WHAT THE EXERCISE ASKS: Only an exact copy of the records below will serve as the answer.

EXERCISE DATA:

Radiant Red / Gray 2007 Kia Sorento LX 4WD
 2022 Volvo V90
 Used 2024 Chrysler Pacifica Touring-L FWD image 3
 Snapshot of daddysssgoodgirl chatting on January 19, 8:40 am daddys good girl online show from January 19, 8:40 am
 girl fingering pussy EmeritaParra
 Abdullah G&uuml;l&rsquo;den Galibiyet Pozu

REPLY TO THE EXERCISE:
Radiant Red / Gray 2007 Kia Sorento LX 4WD
 2022 Volvo V90
 Used 2024 Chrysler Pacifica Touring-L FWD image 3
 Snapshot of daddysssgoodgirl chatting on January 19, 8:40 am daddys good girl online show from January 19, 8:40 am
 girl fingering pussy EmeritaParra
 Abdullah G&uuml;l&rsquo;den Galibiyet Pozu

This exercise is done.